I don't know the solution. I don't even know all the causes. I do know, however, that this would never be allowed to happen elsewhere (except for other reserves). People like to simplify the problem, blaming the residents of reserves. It's easy to say that they misspent the money given them by the government, wipe our hands, and forget about it. We all know, though, that it really isn't that simple.

Families in Attawapiskat receive the same amount of money per household as families on any other reserve. Their remote location is in no way taken into account by the government. So while families on reserves in southern Ontario are capable of building suitable homes, families in Attawapiskat are forced to build poorly-insulated homes on wooden foundations.
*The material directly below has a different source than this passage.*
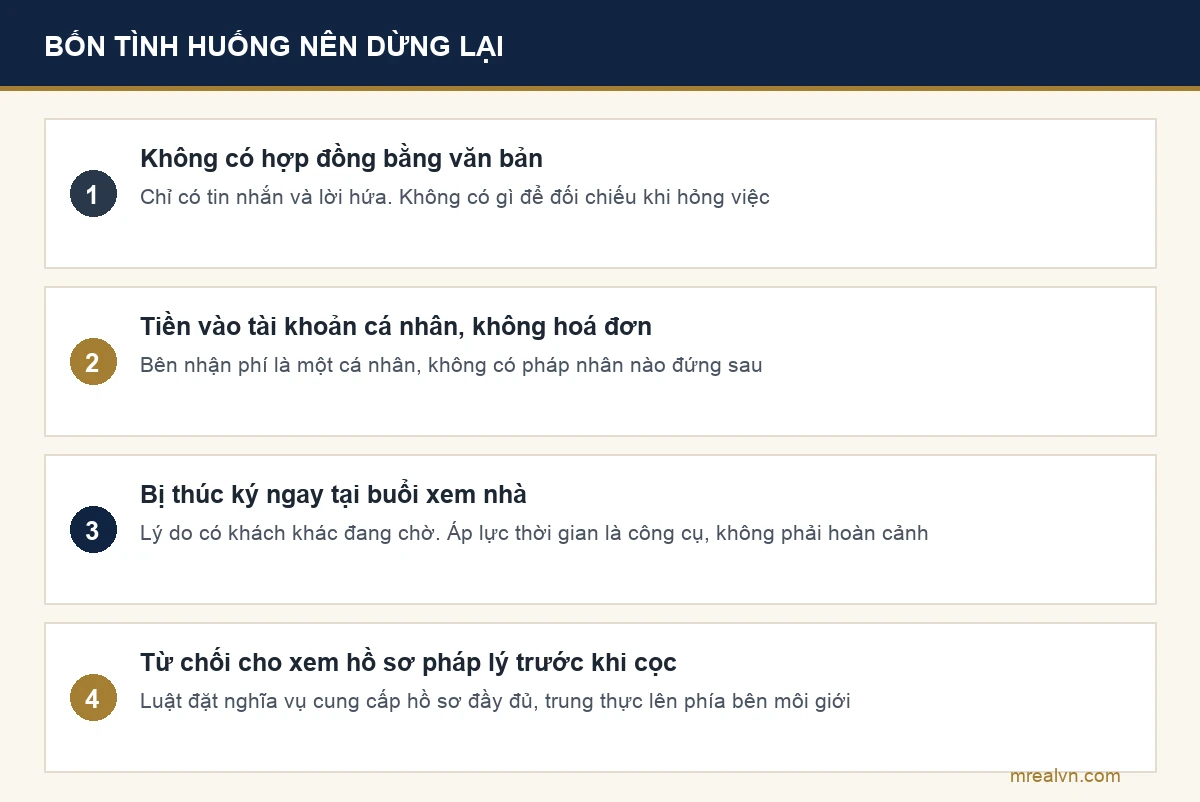 Bốn tình huống nên dừng lại trước khi trả phí môi giới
It's simply too expensive to ship in supplies, and to fly in contractors and inspectors. The forests surrounding Attawapiskat are now Crown land and cannot be used for lumber, hunting, or trapping. Essentially, we've placed these people on this remote piece of land and taken from them their means of survival.

These are people who thrived on this land for thousands of years, living a nomadic lifestyle, following the game and trap lines, before we arrived. But go ahead and place the blame on them...

Goodbye Canada - Hello Harperland

It's old news that Stephen Harper, our oh-so-humble Prime Minister, took it upon himself to replace all the portraits of former Prime Ministers in the lobby of the House of Commons with portraits of himself. It's also old news that government communications have been replacing the phrase "Government of Canada" with "Harper Government". Harper and his spokespeople have vehemently denied that this change was directed by Harper or his office. Documents recently acquired by The Canadian Press suggest otherwise.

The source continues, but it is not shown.